Passenger & boot space
How it copes with people and clutter
You’ll have no complaints up front in the 1 Series; there are bigger cars in the class, but compared with its premium rivals it has the most head and leg room, and lots of elbow room, too.
The door bins are a decent size, and you also get a big glovebox and a generous cubby hole under the central armrest. Combined with the tray at the front of the centre console, you'll have plenty of places for your bits and pieces.
This is one of the areas in which this third-generation 1 Series makes the most notable progress over its predecessors. The space on offer is now slightly ahead of its premium rivals, although it still looks a tad stingy in the rear compared with the Seat Leon or palatial Skoda Octavia.
Six-footers will feel their heads just brushing the roof lining, but anyone shorter should be comfortable, even on longer journeys, and there’s slightly more leg room than you get in a Mercedes A-Class, and more foot space under the front seats, too. We'd recommend avoiding the optional panoramic sunroof, though, which creates a curve in the roof lining that swoops down in front of a rear passenger's eye line.
Seat folding and flexibility
As with the A-Class or the Audi A3, there's nothing particularly amazing about the seating flexibility here – you have to pay extra for front passenger adjustable lumbar support on all trims and there are no sliding or reclining rear seats.

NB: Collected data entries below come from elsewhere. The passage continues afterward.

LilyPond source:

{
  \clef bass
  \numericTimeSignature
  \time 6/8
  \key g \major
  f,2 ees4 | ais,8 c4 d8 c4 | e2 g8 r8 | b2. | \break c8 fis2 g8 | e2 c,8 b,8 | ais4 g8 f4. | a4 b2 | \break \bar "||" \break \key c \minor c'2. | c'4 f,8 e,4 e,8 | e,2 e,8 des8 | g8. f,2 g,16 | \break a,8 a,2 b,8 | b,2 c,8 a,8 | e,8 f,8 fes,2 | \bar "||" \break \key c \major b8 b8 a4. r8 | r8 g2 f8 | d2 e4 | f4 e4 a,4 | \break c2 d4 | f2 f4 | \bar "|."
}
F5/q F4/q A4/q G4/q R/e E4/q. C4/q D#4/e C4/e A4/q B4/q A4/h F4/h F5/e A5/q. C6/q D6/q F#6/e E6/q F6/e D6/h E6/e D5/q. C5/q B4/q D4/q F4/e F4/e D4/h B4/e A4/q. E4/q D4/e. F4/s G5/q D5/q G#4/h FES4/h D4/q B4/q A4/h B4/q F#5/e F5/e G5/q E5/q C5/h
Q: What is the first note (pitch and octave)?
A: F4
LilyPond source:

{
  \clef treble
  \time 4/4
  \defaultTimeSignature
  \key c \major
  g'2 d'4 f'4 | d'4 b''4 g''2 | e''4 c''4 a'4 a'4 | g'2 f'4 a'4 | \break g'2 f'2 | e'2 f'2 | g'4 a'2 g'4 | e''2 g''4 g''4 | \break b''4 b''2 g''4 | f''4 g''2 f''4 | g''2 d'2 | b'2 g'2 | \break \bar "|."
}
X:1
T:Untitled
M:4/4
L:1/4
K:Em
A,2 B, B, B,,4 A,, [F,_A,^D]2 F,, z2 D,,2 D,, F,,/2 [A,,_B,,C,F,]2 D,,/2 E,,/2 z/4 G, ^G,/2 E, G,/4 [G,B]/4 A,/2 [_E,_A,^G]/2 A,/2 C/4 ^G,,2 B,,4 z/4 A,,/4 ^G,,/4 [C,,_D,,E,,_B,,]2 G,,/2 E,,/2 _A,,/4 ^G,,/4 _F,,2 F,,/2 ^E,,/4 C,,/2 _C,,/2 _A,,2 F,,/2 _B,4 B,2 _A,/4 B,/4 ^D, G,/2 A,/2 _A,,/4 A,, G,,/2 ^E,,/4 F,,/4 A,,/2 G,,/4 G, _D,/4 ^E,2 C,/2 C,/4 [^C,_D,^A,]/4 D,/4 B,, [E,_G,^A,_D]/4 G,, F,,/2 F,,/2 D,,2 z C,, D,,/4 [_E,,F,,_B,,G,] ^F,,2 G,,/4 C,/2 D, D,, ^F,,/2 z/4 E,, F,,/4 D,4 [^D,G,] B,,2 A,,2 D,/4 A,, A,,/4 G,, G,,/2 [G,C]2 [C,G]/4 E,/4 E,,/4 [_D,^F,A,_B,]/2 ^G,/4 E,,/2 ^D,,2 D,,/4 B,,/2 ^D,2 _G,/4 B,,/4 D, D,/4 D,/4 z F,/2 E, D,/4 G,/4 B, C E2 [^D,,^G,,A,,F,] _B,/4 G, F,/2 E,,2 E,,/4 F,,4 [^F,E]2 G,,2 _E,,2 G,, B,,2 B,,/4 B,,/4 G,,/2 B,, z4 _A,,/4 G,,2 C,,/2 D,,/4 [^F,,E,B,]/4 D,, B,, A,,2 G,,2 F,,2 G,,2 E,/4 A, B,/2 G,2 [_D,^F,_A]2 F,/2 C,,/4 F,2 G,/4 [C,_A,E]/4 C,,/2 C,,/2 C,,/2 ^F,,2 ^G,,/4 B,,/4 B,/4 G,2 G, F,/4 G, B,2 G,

Like the entry-level A3 you even have to make do with 60/40 split-rear seats as standard; these aren't as adaptable as the 40/20/40 arrangement that every A-Class gets. Mid-spec A3’s and upwards get 40/20/40 split-folding seats, but in the 1 Series, it’s reserved for the options list across the range.
At 380 litres, the 1 Series’ boot is exactly the same size as the A3’s, and is bigger than the A-Class’s on paper. However, that impressive figure includes the generous space found underneath the boot floor, so in terms of usable space above the floor, the 1 Series actually lags behind the A-Class.
While the boot's boxy shape makes it easy to maximise the space available, ultimately it won't take as much luggage as an A-Class. We were able to get six carry-on cases into the latter below its parcel shelf, while the 1 Series managed five – the same number as the A3.
On the plus side, the boot floor can be clipped out of the way when you're loading items beneath the floor, and there's only a small load lip. You can also add an electric tailgate as a cost option.